Keith spent most of his time rehearsing a daily Gloria Hunniford show, for the launch of Radio Ulster, which came in January 1975. It was still a time of violence, car bombs etc, but PM Ulster was pretty gentle stuff, with regular features from Frank Delaney in Dublin, which obviously irritated one large section of the audience. If someone big, like Ian Paisley, was coming in for a tv interview, we'd knock him off as well. Presenter Sean Rafferty was deemed too lightweight to handle this sort of stuff, so a local junior school head (can't track his name) came in. He sat with Paisley at a separate studio table, and Paisley eased himself into the chair, placing his large personal revolver on the desk.
Socially, most of us under-30s repaired to the BBC Club after Scene Around Six, and things would evolve from there. Jeremy Paxman occasionally joined in, already reporting and presenting the local tv current affairs show Spotlight. Sometimes there were journeys outside Belfast's city limits, for Italian food; sometimes it ended up back at various larger flats. Always fun.

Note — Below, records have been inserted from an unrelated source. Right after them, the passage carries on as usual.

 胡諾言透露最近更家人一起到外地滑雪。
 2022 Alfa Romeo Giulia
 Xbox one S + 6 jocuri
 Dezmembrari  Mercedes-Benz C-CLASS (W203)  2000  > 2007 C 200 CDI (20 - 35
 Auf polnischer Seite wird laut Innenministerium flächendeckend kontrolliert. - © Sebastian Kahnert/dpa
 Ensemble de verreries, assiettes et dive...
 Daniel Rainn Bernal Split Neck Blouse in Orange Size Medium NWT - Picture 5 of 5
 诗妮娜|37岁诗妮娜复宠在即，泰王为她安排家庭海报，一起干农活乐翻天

By the time myself and Clive met up regularly again, I was with Radio Five Live as we moved to Television Centre, and Clive was a manager in Newsgathering. Both of us had a fair share of management 'b*ll*cks' to handle. I joined him, with other luminaries, from VT Editors through IT staff to HR professionals, over many a lunchtime at what we dubbed "The Podium of Fear" in the BBC Club. If the wisdom imparted over those sessions had been implemented by management, the whole BBC would be in a much better place by now. Clive also regularly met up with Five Live presenter Peter Allen, at the fruit machine. Clive would keep an eye on whether or not it had already 'paid out'; whether it had or not, the pair seemed to spend at least a quarter of an hour each day in its thrall, before pressing on to other duties. Still fun.